I will give my time to my colleague.

11:20 a.m.

Conservative

The Chair Conservative Chris Warkentin

Ms. Hughes.

11:20 a.m.

NDP

Carol Hughes NDP Algoma—Manitoulin—Kapuskasing, ON

Thank you very much.

Minister, budget 2012 committed $27 million over three years to renew the urban aboriginal strategy.

I'm not going to go into all of those details, but I'm wondering, including in the supplementary estimates, what was the total allocation of the UAS in fiscal year 2012-13, and what is the total allocation for this fiscal year?

11:20 a.m.

Conservative

Bernard Valcourt Conservative Madawaska—Restigouche, NB

UAS? What is that?

11:20 a.m.

NDP

Carol Hughes NDP Algoma—Manitoulin—Kapuskasing, ON

Urban aboriginal strategy.

November 28th, 2013 / 11:20 a.m.

Deputy Minister, Department of Indian Affairs and Northern Development

Michael Wernick

It's $14 million.

11:20 a.m.

NDP

Carol Hughes NDP Algoma—Manitoulin—Kapuskasing, ON

By the time you find your answers...if you don't get a chance to respond right away, you could maybe write to the committee.
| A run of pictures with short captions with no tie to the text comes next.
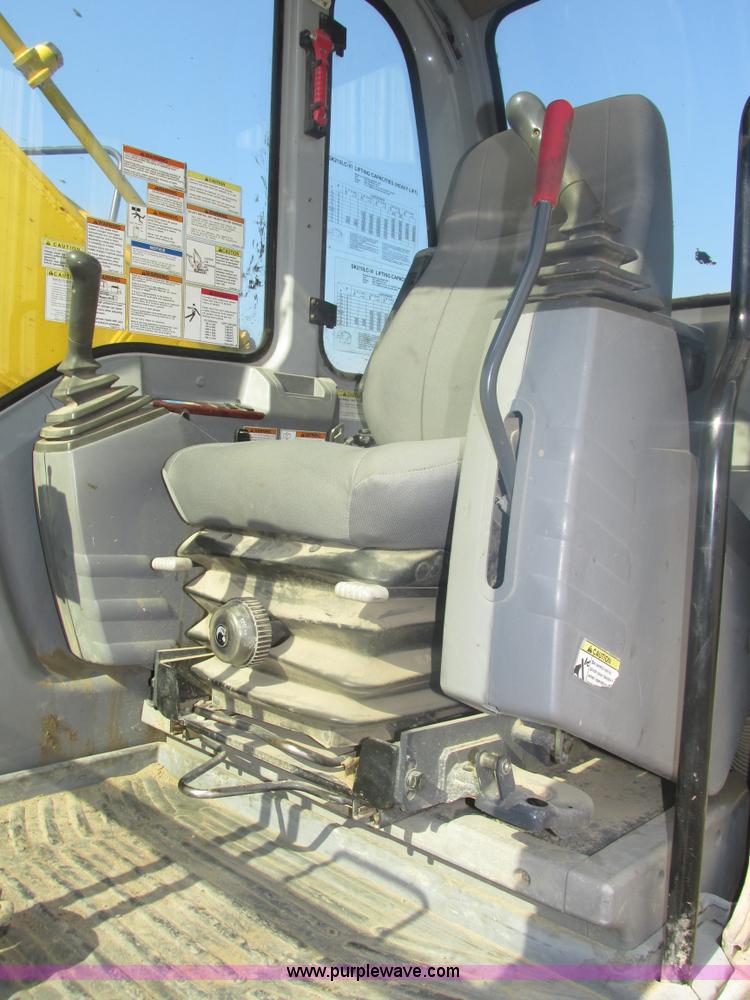 image for item H1185 2002 Kobelco SK210LC excavator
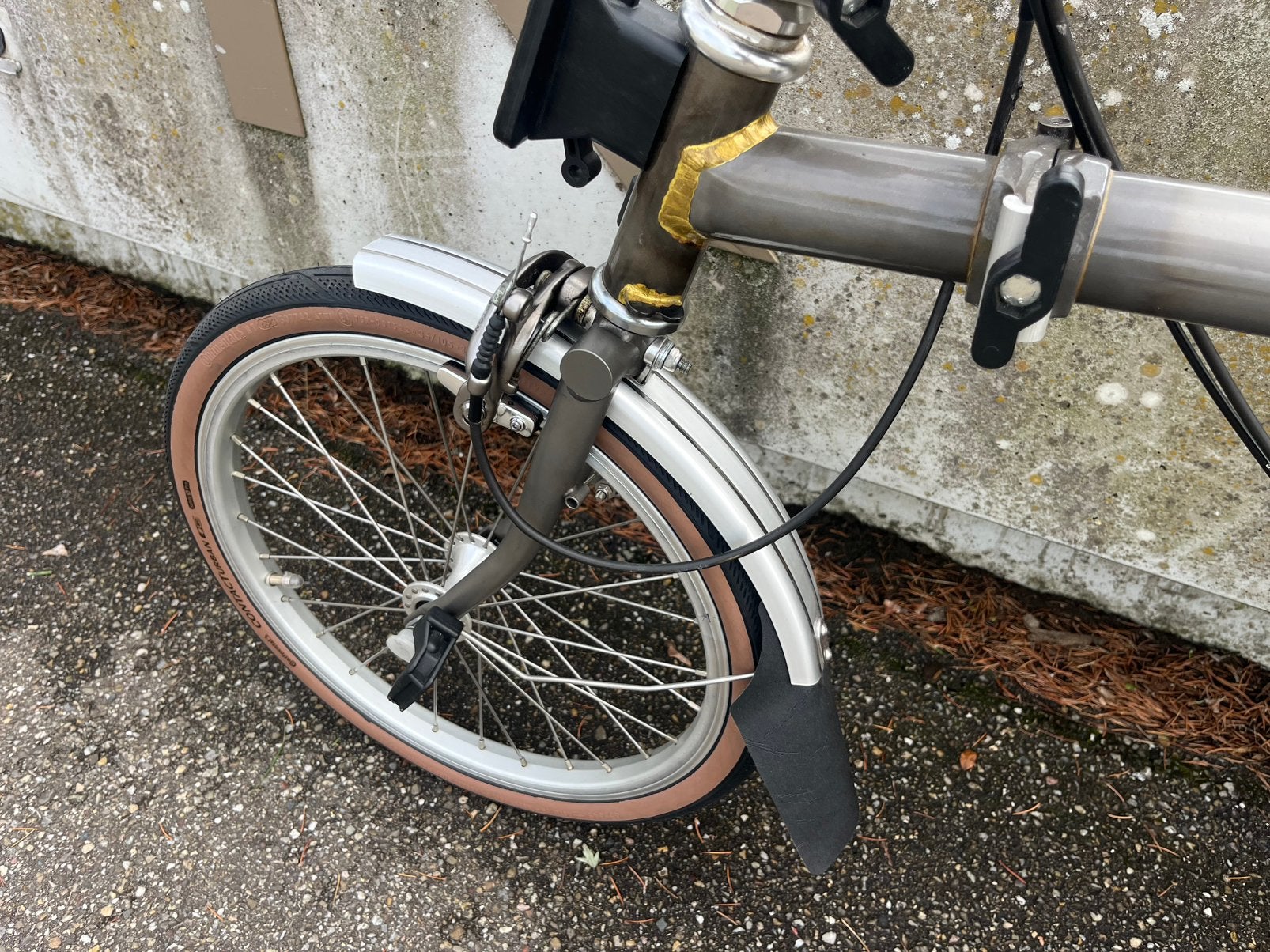 Foto 12 van Titanium Brompton S2L-X 9,4 KG Customised voor klein persoon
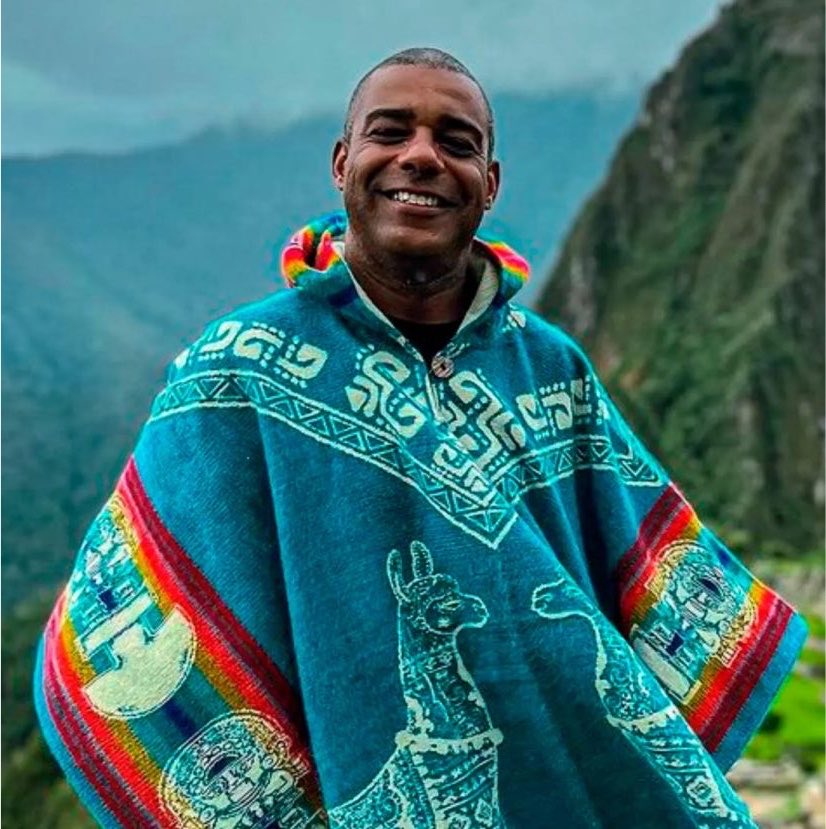 updatecultura's tweet photo. O brasileiro Robson Jesus entrou no Guinness Book por se tornar o PRIMEIRO homem a visitar TODOS os países do mundo no menor período de tempo já registrado. 🇧🇷 https://t.co/WvfToEcBWR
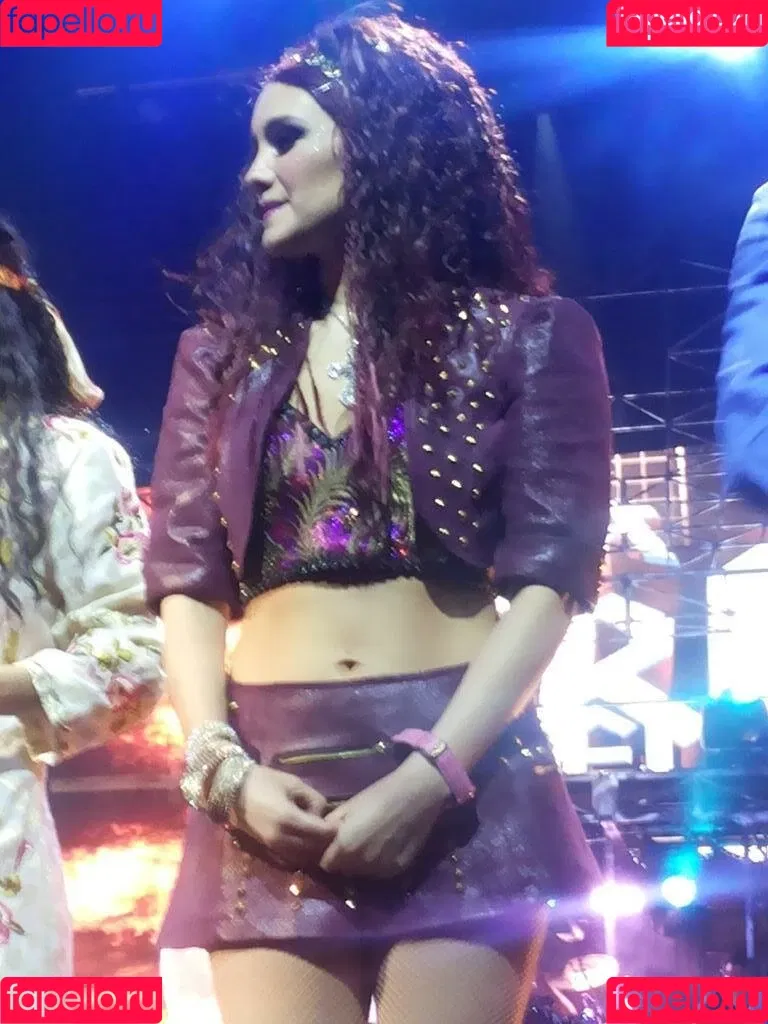 Dulce Maria Onlyfans Photo Gallery 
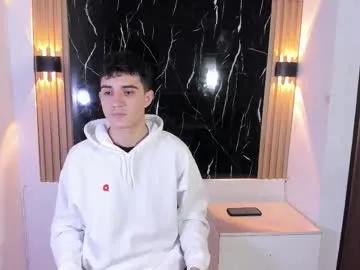 alejo_gray1 — GOAL: cum show [1000 tokens remaining] Welcome to my room! #femboy #18 #teen #twink #bigcock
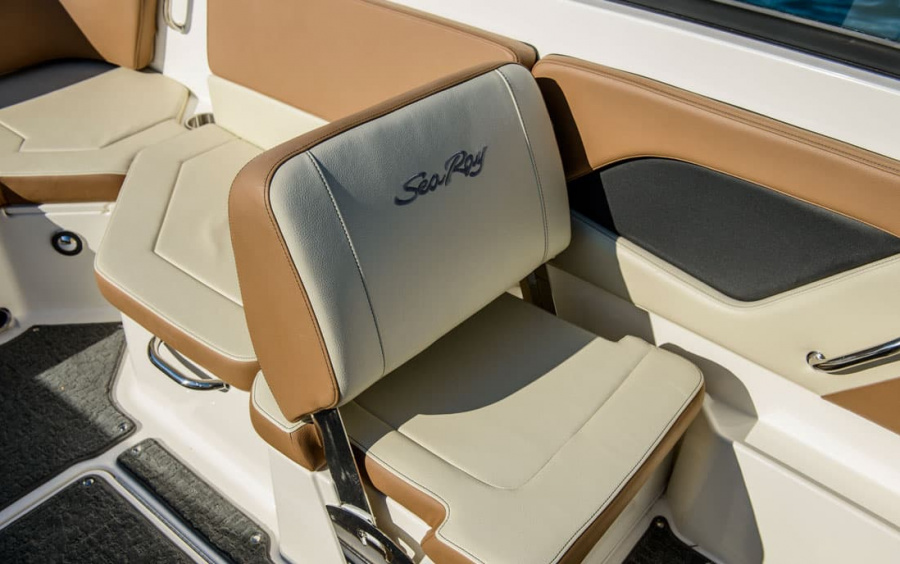 Sea Ray 230 SunSport фото 2.6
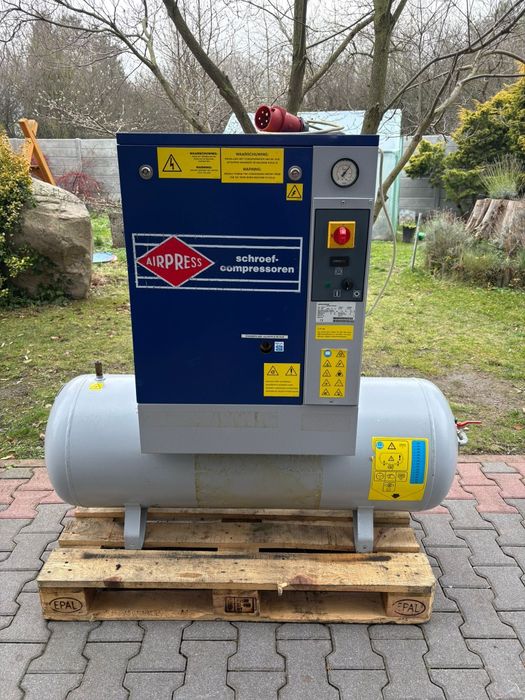 2018 Kompresor srubowy 3kW 10BAR  0.36m3/min zbiornik 200 litrów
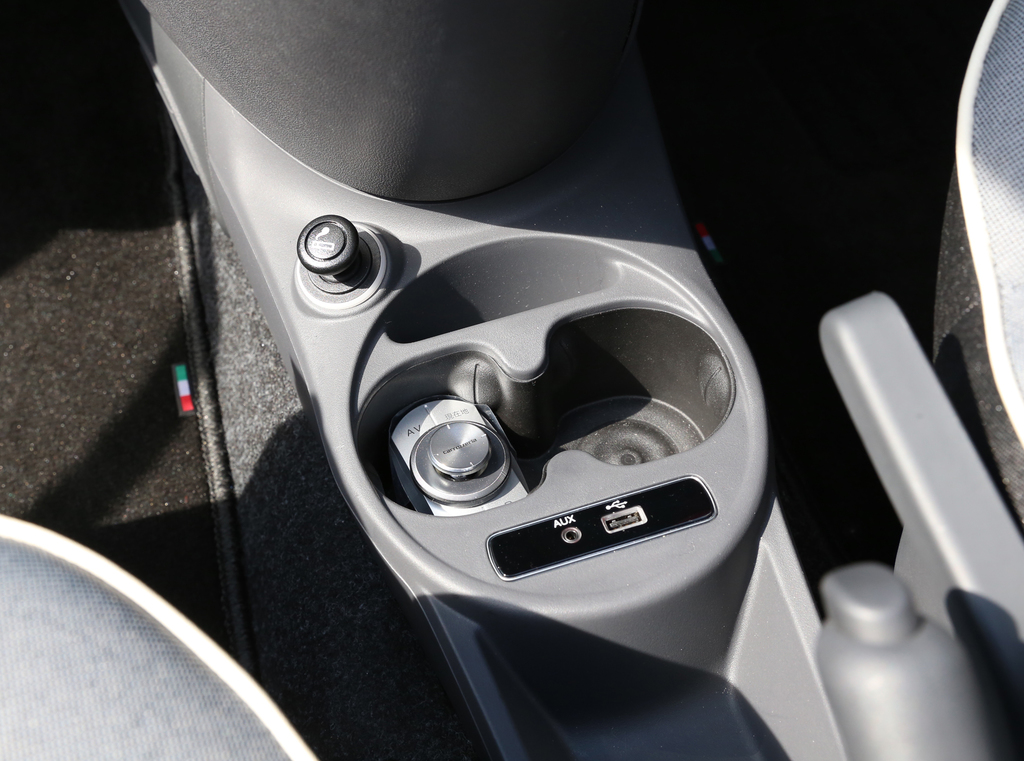 内側にラバーサポートを装着したドリンクホルダー。ＵＳＢなども装備する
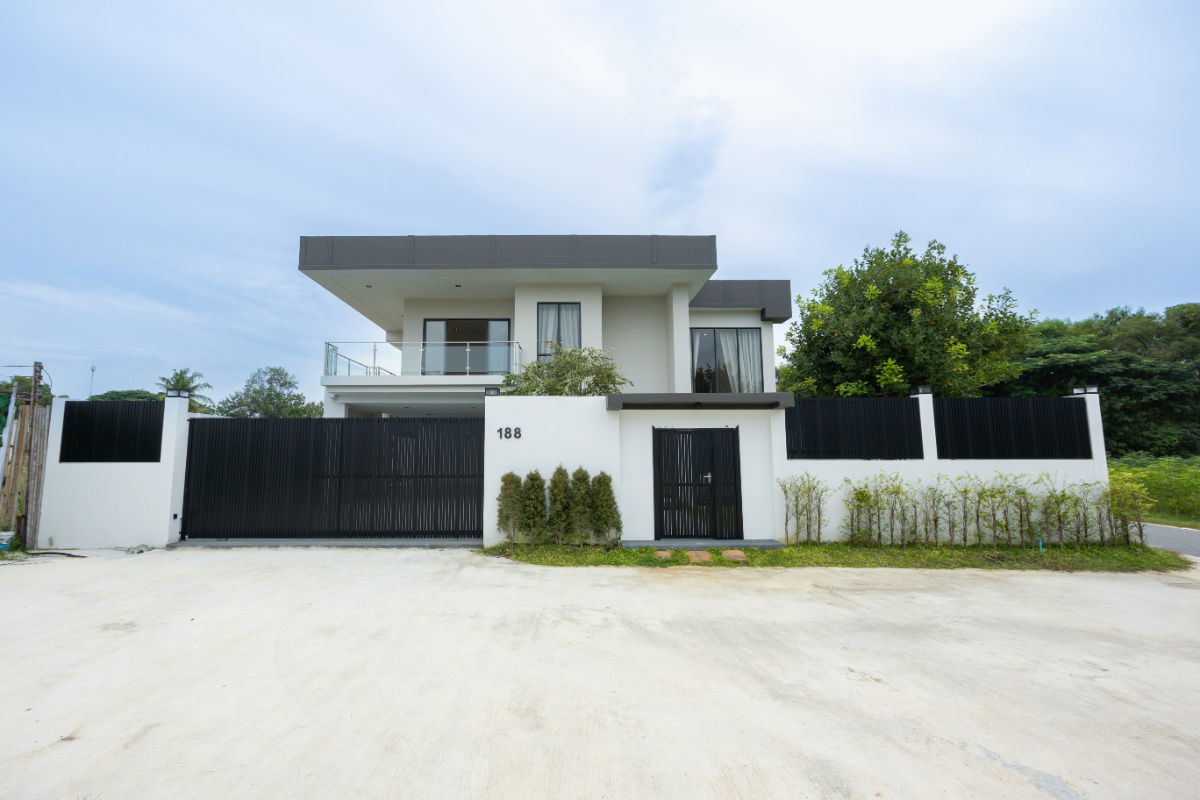 picture For sale Luxury Pool villa Pattaya at Maprachan Lake, Fully furnished, Peaceful location - 2/29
Can you also let us know if the current allocation is sufficient to meet the needs of a growing urban aboriginal population? And what specific projects are being supported by the funding allocation in these supplementary estimates?

11:20 a.m.

Deputy Minister, Department of Indian Affairs and Northern Development

Michael Wernick

It's another activity that was renewed in the estimates. I don't have the exact figures, but I think it was close to $14 million a year. We'll fund about 120 projects this year. I can provide you with a list of projects that have been funded.

11:20 a.m.

NDP

Carol Hughes NDP Algoma—Manitoulin—Kapuskasing, ON

Was there a reduction or an increase?